La escritura y la vida

Muerte, pensamiento, tan próximos

que, pensando, morimos.

Maurice Blanchot

A León Rozitchner

Se dice que la escritura abre puertas más o menos prohibidas. La lista de suicidios entre los escritores que han traspasado esos umbrales infranqueables, es casi infinita, cosa que no ha ocurrido con las demás ramas del arte, no al menos con los mismos resultados[1].

¿Cuál es la evocación de la palabra? ¿Qué ilusión alienta –y evidentemente frustra– en aquel que decide esgrimirla como recurso expresivo? ¿Qué profundidades prohibidas hurga para recibir el castigo de semejante desamparo?

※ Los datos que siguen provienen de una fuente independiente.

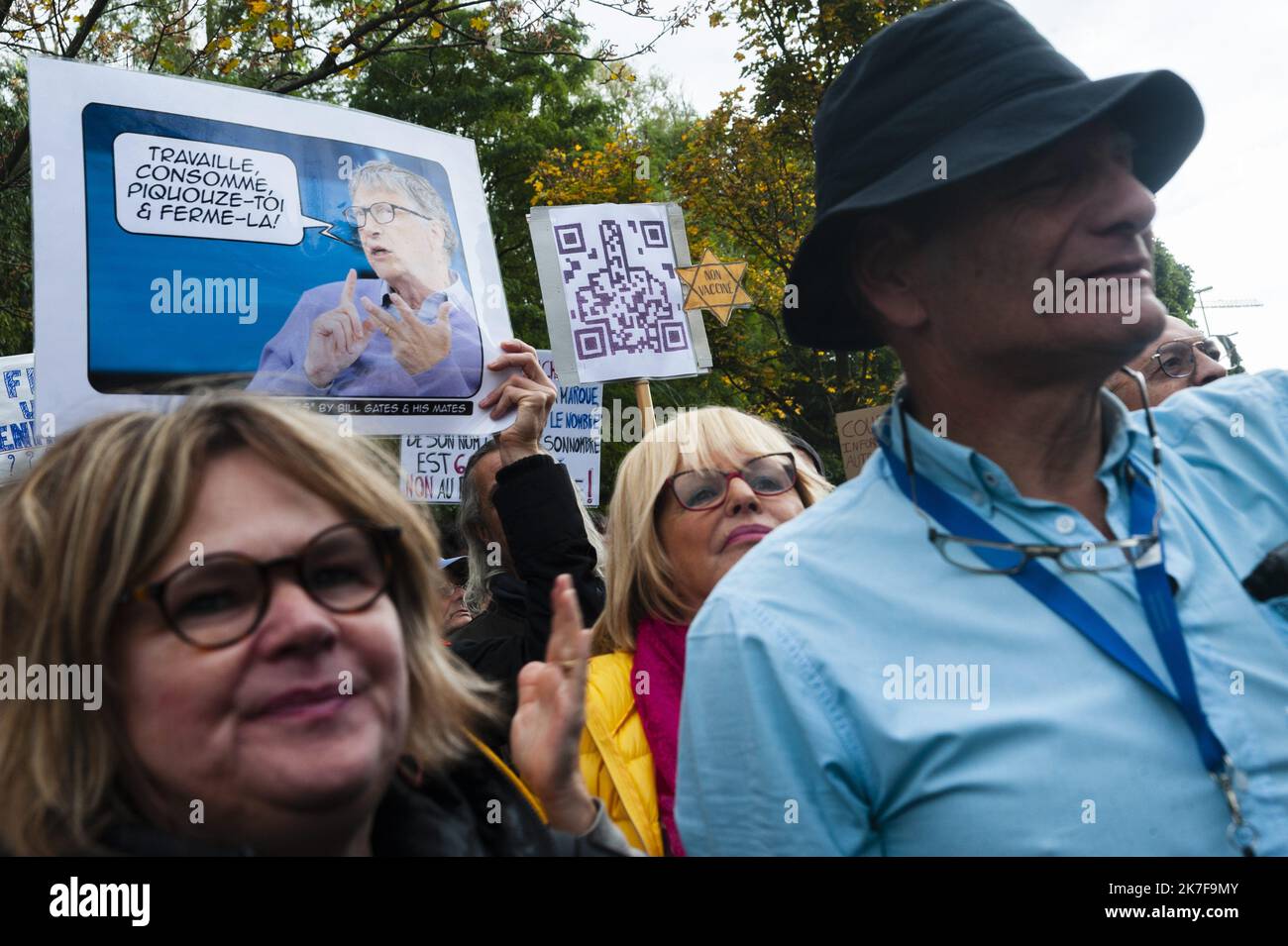 ©Nicolas Landemard / le Pictorium/MAXPPP - Environ 1000 personnes (source police et organisation) se sont reunities ce jour dans la capitale belge et devant le siege du laboratoire Pfizer pour manifester contre le vaccin et le passe-sanitaire ou covid safe ticket mis en place en Belgique. Foto Stock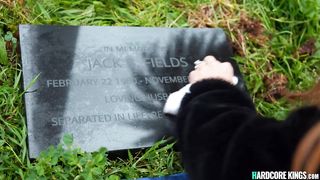 Housebreaker couple fucking in bedroom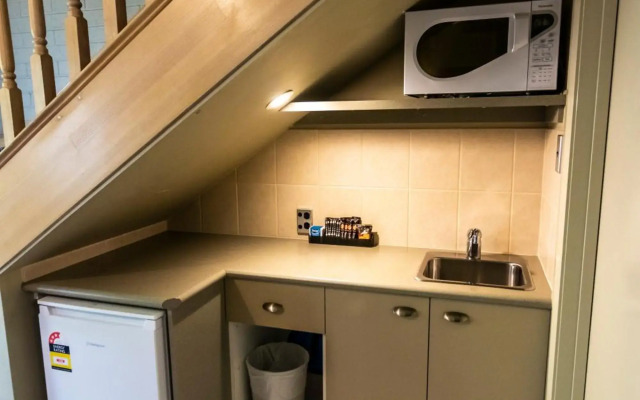 Albury Georgian Motel & Suites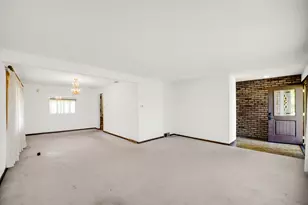 7903 W 102nd St, Palos Hills, IL 60465 - Photo 5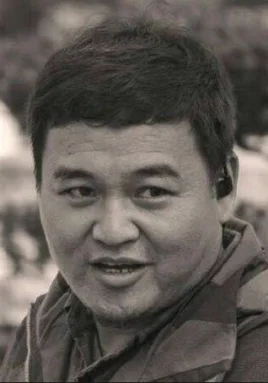 尹波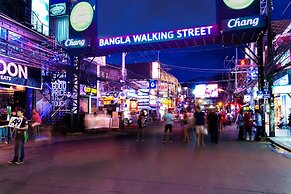 Holiday Inn Express Phuket Patong Beach Central by IHG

El habla, a pesar de compartir con la escritura el recurso de la palabra, no se cobra tantas víctimas. No faltará quien disienta y nos recuerde que basta la pronunciación de una sola palabra para marcar toda una vida o para alentar al suicidio, y por cierto no son ejemplos los que faltan. Pero ¿es la palabra o quien la dijo?, ¿es la palabra o el modo en que fue escuchada? Entonces, ¿cuál es el abismo espectral que se abre entre la palabra hablada y la escrita?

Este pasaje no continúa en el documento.